• _WHAT TO WORK ON_: Return all the lines below exactly. Any picture among them is omitted.
[Opening RECORDED INFORMATION section]
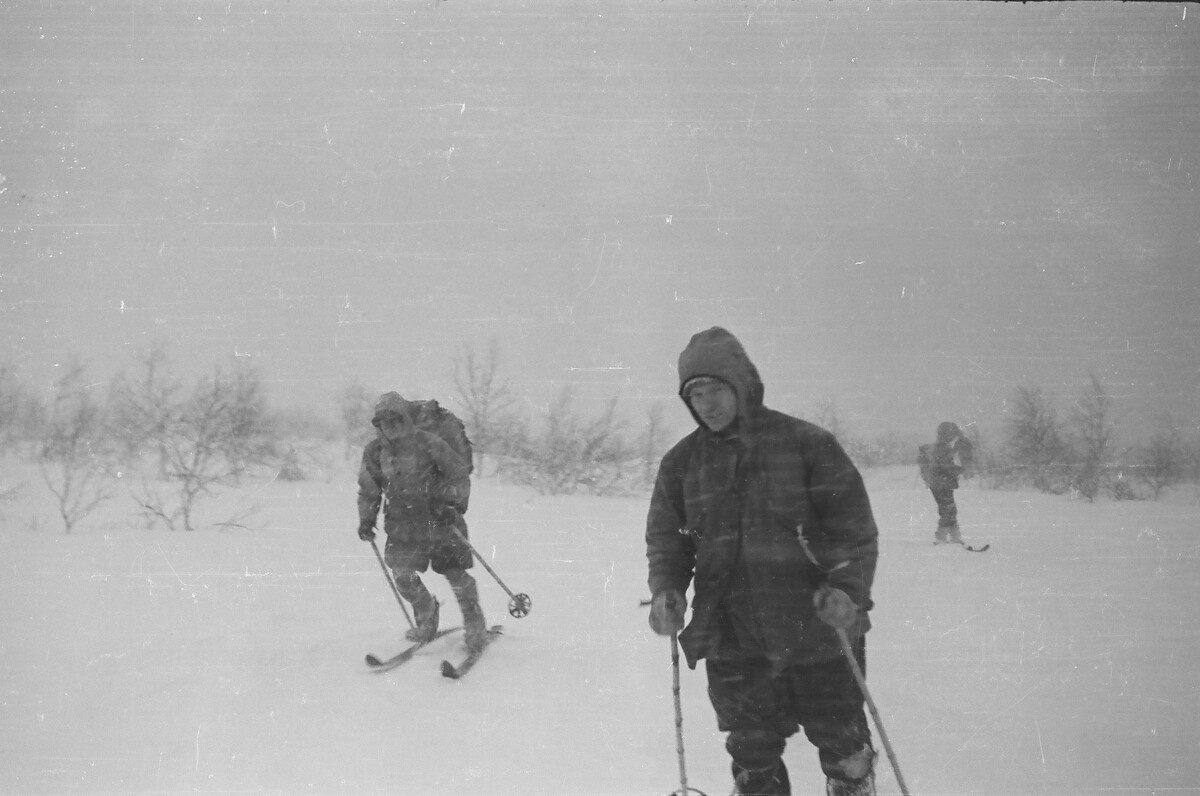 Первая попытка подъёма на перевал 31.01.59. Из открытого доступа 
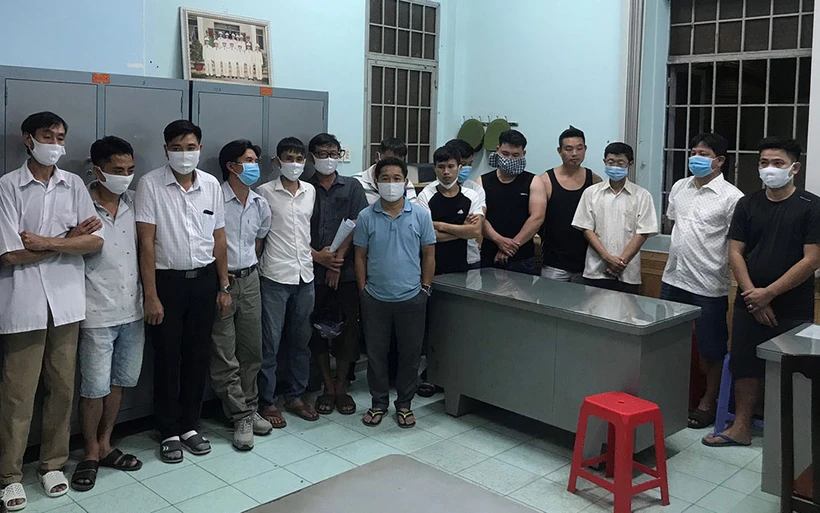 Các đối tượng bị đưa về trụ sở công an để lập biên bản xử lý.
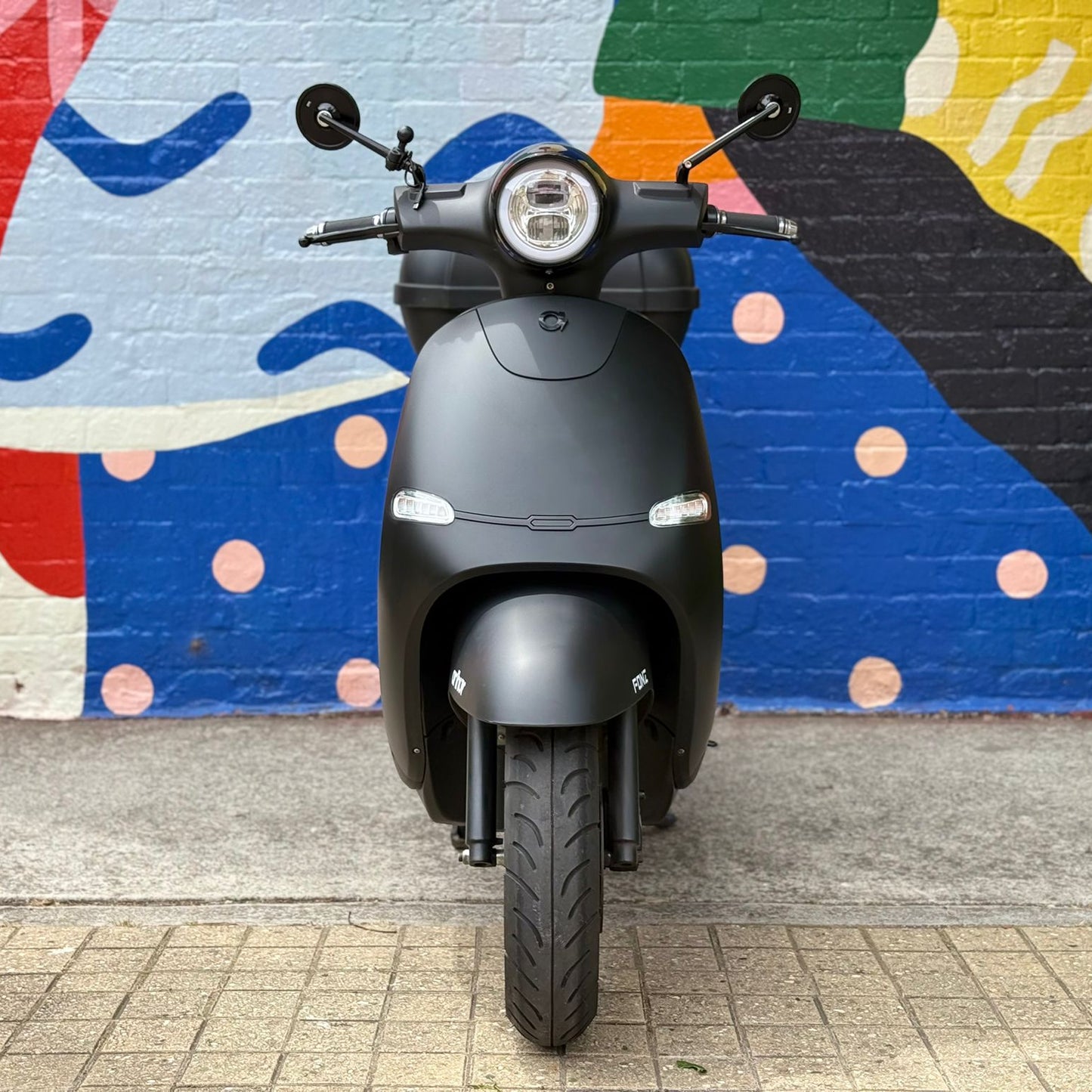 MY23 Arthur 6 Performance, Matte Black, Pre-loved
[Closing RECORDED INFORMATION section]
• _EXERCISE ANSWER_:
 Первая попытка подъёма на перевал 31.01.59. Из открытого доступа 
 Các đối tượng bị đưa về trụ sở công an để lập biên bản xử lý.
 MY23 Arthur 6 Performance, Matte Black, Pre-loved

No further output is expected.